Being Street Smart

The Punishment of Wall Street Firms

By Sy Harding

       Politicians and the regulatory agencies are patting themselves on the back publicly over the `tough' out-of-court settlement they imposed on Wall Street brokerage firms this week (to settle charges of deceptions, fraud, and scams imposed on public investors in the 1990s).
       Privately the Wall Street firms must also be patting themselves on the back, for negotiating another soft settlement, the details of which were released in a 1000-page report on Monday.
       The firms named in the settlement, Bear Stearns, Credit Suisse First Boston, Lehman Brothers, J.P. Morgan Chase, Merrill Lynch, Salomon Smith Barney, Morgan Stanley, etc., sure have a familiar ring to anyone remembering previous Wall Street scandals and settlements.
       The settlement also has a familiar scent. The firms, "while neither admitting nor denying guilt", agreed to pay $1.4 billion, and to set up safeguards to put an end to the deeds they don't admit doing. Publicized as a record amount, the settlement is hardly a slap on the wrist compared to the profits Wall Street firms made in the 1990s by the allegedly fraudulent hyping of overvalued stocks to investors.
       That it was a record settlement is a deception in itself, since the $1.4 billion settles the charges against ten firms. In 1996, Prudential Securities settled Justice Department charges that it had defrauded customers to whom it had sold $8 billion worth of limited partnerships.

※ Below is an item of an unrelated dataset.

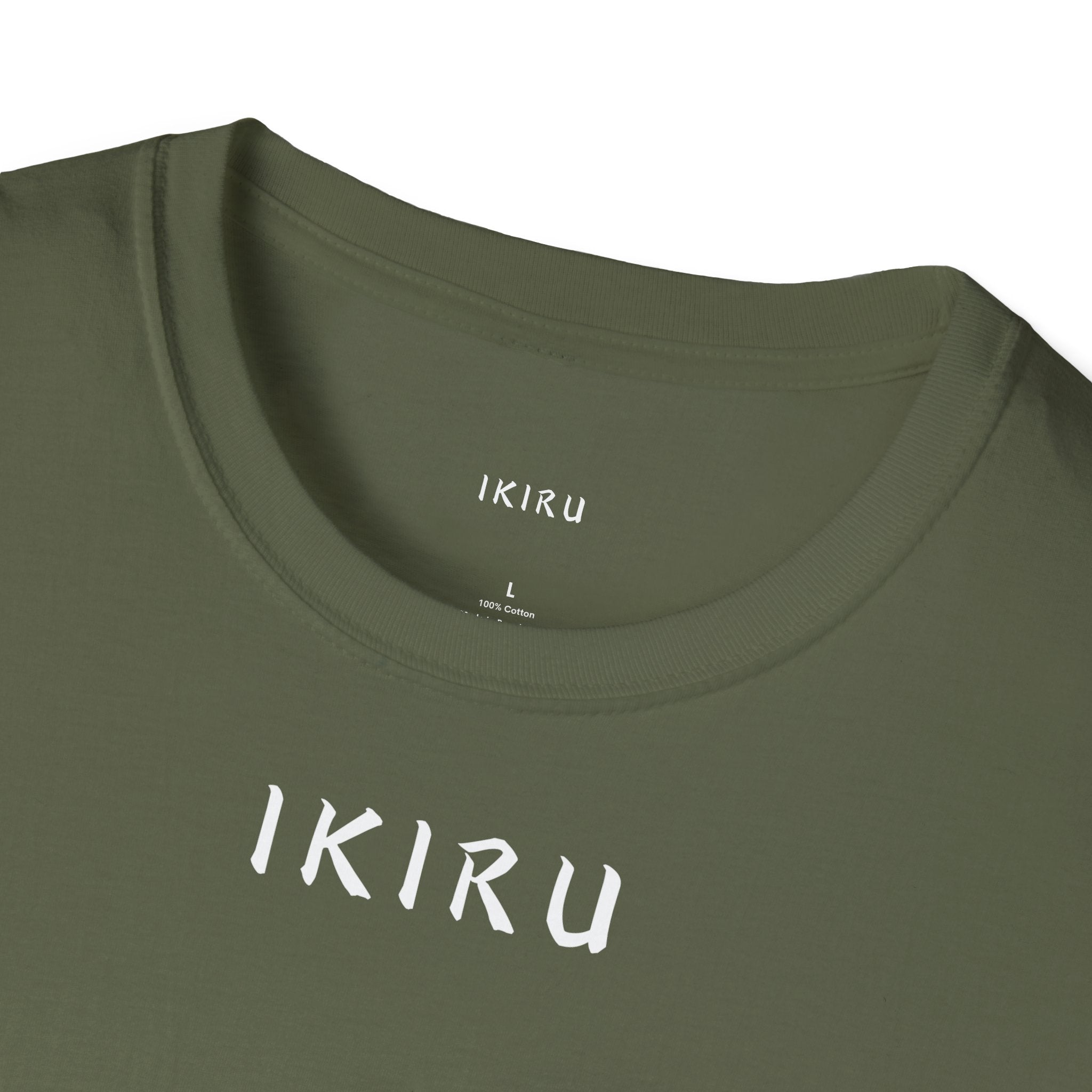Green t-shirt with 'IKIRU' branding on a white background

It had to set up a $1.2 billion restitution fund by itself (and also had to admit to criminal wrongdoing). Separately, Paine Webber settled the same charges against it for $292 million, while Merrill Lynch, Dean Witter Reynolds, Lehman Brothers, and other firms, negotiated similar settlements. The total easily exceeded this week's $1.4 billion settlement.
       Coming close to this week's total settlement, as recently as 1998, thirty-seven Wall Street firms, again including the biggest names - Merrill Lynch, Goldman Sachs, Salomon Smith Barney, Charles Schwab & Co., etc., were forced to provide a $1.03 billion restitution fund to settle charges of defrauding investors as Nasdaq market-makers.
       This week's settlement isn't even a restitution fund. None of the money goes back to the investors who suffered the losses.
       Overall, more than $6 trillion of stock market value disappeared over the last three years.
       How much of that was the result of stocks being hyped fraudulently by Wall Street? We'll never know. Because there's no way to allocate the losses between deceptive research and recommendations provided by brokerage firms, the games played in hyping initial public offerings (IPOs) by investment banks, or corporations who falsified their financial statements. There is also the question of how much of the losses to allocate to the multiplying effect of the media, in its blind service to its Wall Street `contacts' and friends, or to mistakes investors would have made anyway, especially in letting greed during a bull market overcome reason. And then there is the question of how much was due to the market (and the economy) simply following the normal pattern of cycling periodically between bull and bear markets.
       However, we can get some idea of how Wall Street firms made out in relation to investors. Not counting all the other stocks that were hyped in the late 1990s, I reported in a February, 2002 column that, "In just one 12-month period, from mid-1999 to mid-2000, just from IPO activity, Morgan Stanley earned $517 million in fees for bringing IPOs to the public, while investors suffered losses on those IPOs averaging almost 55%. Goldman Sachs earned $478 million in IPO fees, while the IPOs it brought out plunged 54% over the following 12 months. Credit Suisse First Boston earned $425 million in IPO fees, which for investors plunged an average of 43% over the following 12 months. And so on, virtually through the whole list of investment banks."
       So, how big a deterrent is a $1.4 billion settlement of charges that covered numerous years, and is split between ten firms? Just a minor cost of doing business.
       Meanwhile, where were the regulators while the deceptions they reported this week were going on? There was no shortage of suspicions, clues, and accusations at the time. It's too bad they only got to it after the damage to investors was done, and the profits were in the pockets of Wall Street firms.
       The most disturbing aspect of the settlement is not just that it is but a slap on the wrist of the firms, relative to their income, but that, as always with these settlements, it leaves those in charge still in charge.
       The management of corporations like Enron, WorldCom, Tyco, etc., caught in the investor deception scams, have had their personal properties seized, are facing huge personal fines, and long prison terms. In this week's settlement with Wall Street firms, two research analysts were fined and barred from the securities industry for life. But about the only way top management ever leaves Wall Street is to move on to prestigious positions in Washington or the regulatory agencies, where they will then be the watchdog in charge when the next wave of scandals comes to light.
       Rather than being a sign that investors can relax and have confidence in Wall Street again, this long-awaited handling of the latest fraud charges is a sign instead that investors need to be aware that it might signify business as usual.